Now, what you are doing is using the Argument from Authority. I am supposed to believe MacDonald because he is a paleontologist. But that isn't how it works. Who he is isn't important; the important thing is what the data is..
lucaspa said:Now, if you had read thru the book review a bit farther, you would have seen that MacDonald may have a couple of problems, both professional and personal as it relates to professional.
1 "Unfortunately, he does not include a bibliography of peer-reviewed literature dealing with professional appraisal of his discovered material."
This is professional in that it is poor scholarship.
2. "His self-professed sensitivity to criticism also highlights the importance to ichnologists (or scientists in general) to keep themselves separate themselves from the results of their work, a good reminder to all of us when we find ourselves feeling embattled over whether a worm turned one way or another 400 million years ago."

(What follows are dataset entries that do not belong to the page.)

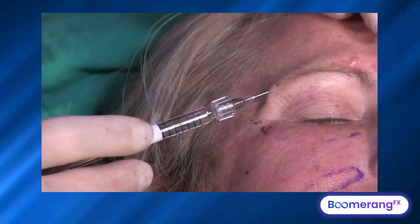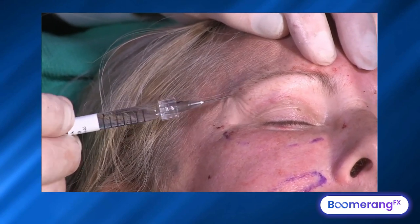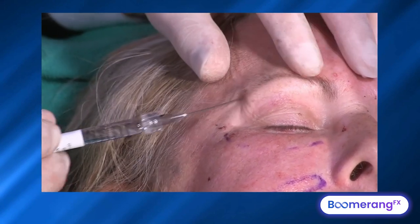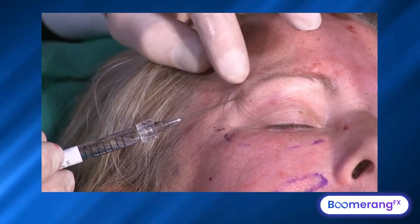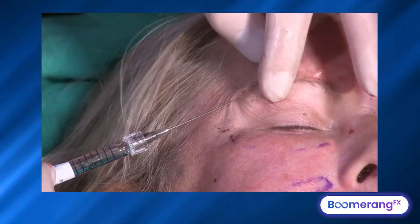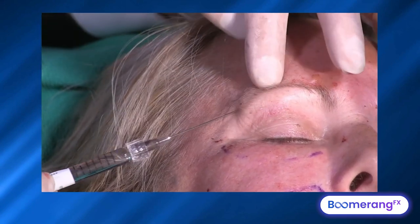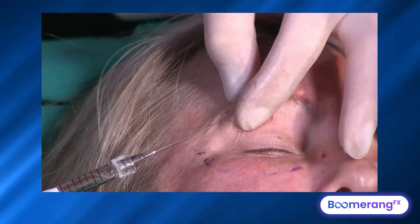I advance and then inject retrograde — advance, inject on the way back. Slow, retrograde, low-pressure injections. As I get to the last third of the brow, that's where I want most of my shape. I'm staying just above the hair to get a nice light reflex and give a mechanical lift effect.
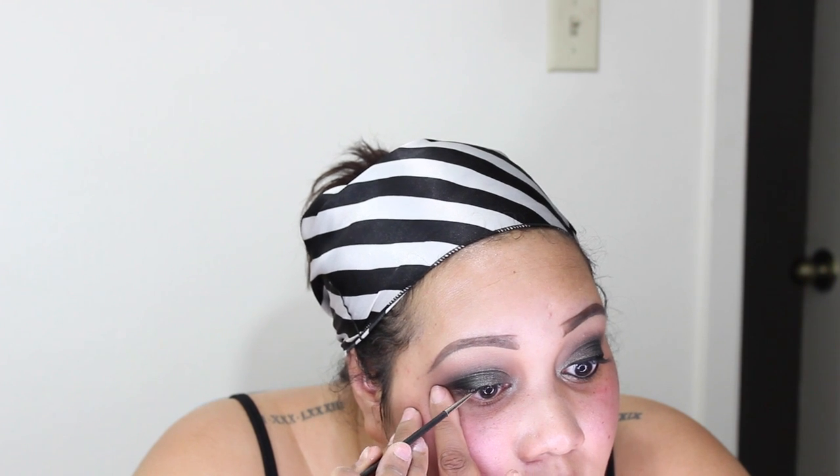Now I'm going in with my NARS Via Veneto liner and tight lining the upper eyelid — the waterline where my lashes are — to make sure my lashes look as dark as possible. This is a sample liner I got in a kit. Then I'm going to take my Inglot gel liner in number 77. I didn't know what a great black gel liner was until I got this Inglot one — it's a little bit wetter than the MAC formula, but when it dries it dries so matte and so black.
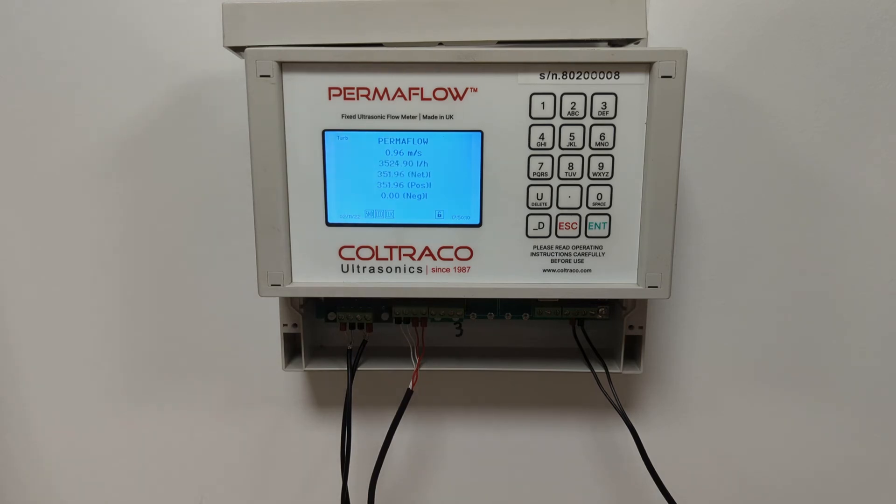Thank you very much for your patience in watching this video. I hope I have covered the features of the Permaflow successfully. If you have any questions, concerns or queries about the product, please do not hesitate to get in touch with us at Koltrak Ultrasonics. Thank you very much.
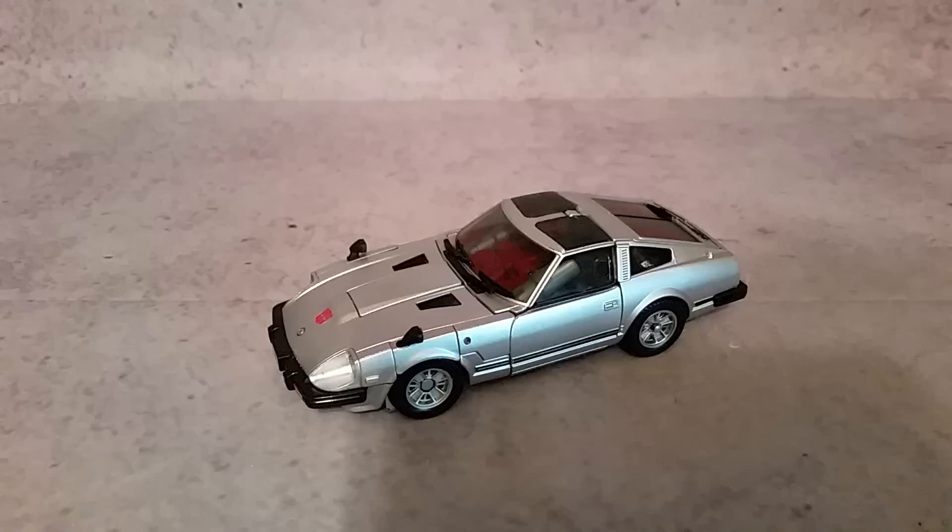Hey, what's up guys? I'm Hexa and this is Transformers Masterpiece MP18S Silver Streak. Now out of all the Datsun slash Nissan, whatever you want to call it - basically the streak mold - this is probably the one that I have the least interest in. It wasn't until I decided that I wanted to collect all the Masterpiece figures and all their different repaints.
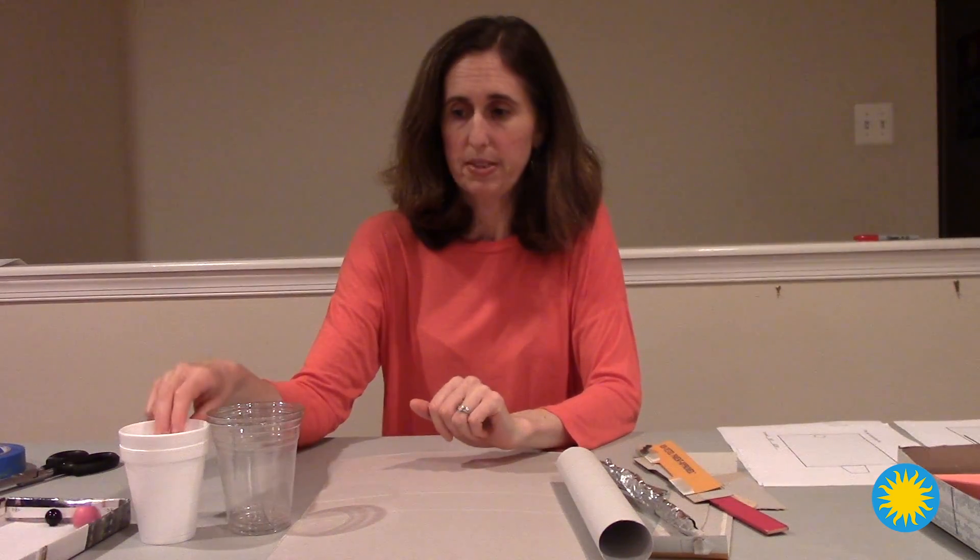Then you need to have two matching cups. They could be matching styrofoam cups, matching plastic cups, or matching paper cups. The ball just needs to be able to fit into the cup.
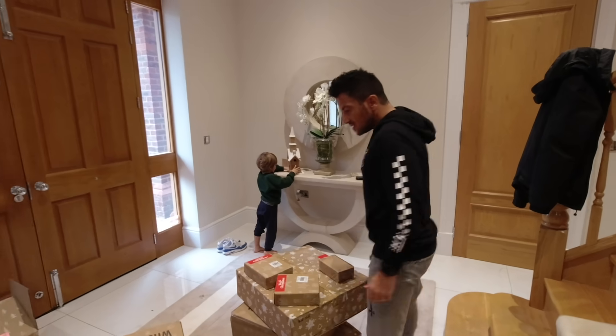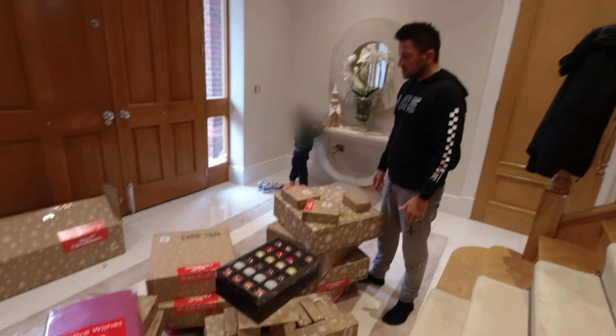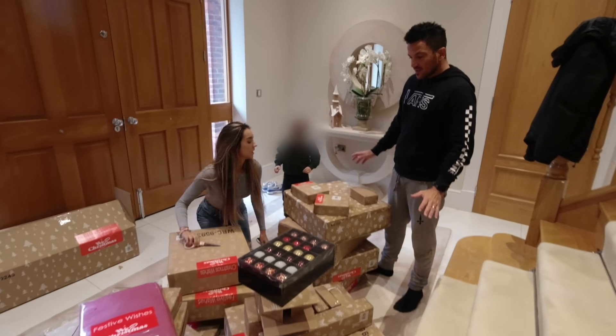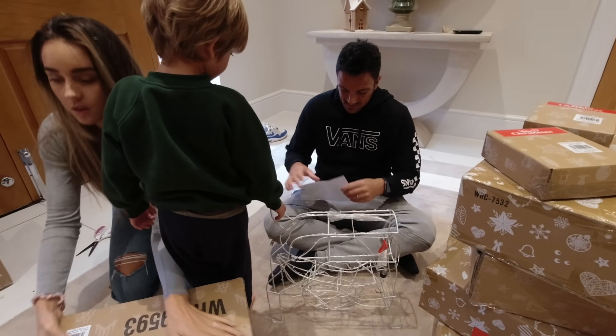Okay, right. We love Christmas. Hems, that is a love heart, that is not an R. It's an R. Right, I've got no idea what's in any of these boxes. Well, I do. If you don't help me, I need to help you with these scissors because they're quite sharp.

This is personal that affects his profession. It is also just what you are doing. MacDonald takes criticism of the results of his work as criticism of him as a person. I criticize Cuozzo for the results of his work -- failure to consider alternative hypotheses -- and you take that as criticism of Cuozzo as a person.
You must separate yourself from your ideas and methodology. Otherwise we end up fighting duels and never making any progress on sorting out reality.
Now, what we are discussing are two claims:
1. That the descriptions of behemoth and leviathan fit dinos or aquatic reptiles.
2. That the the pictures are really of dinos.
So far you haven't addressed any of my arguments concerning that.
I assume you will get to those eventually.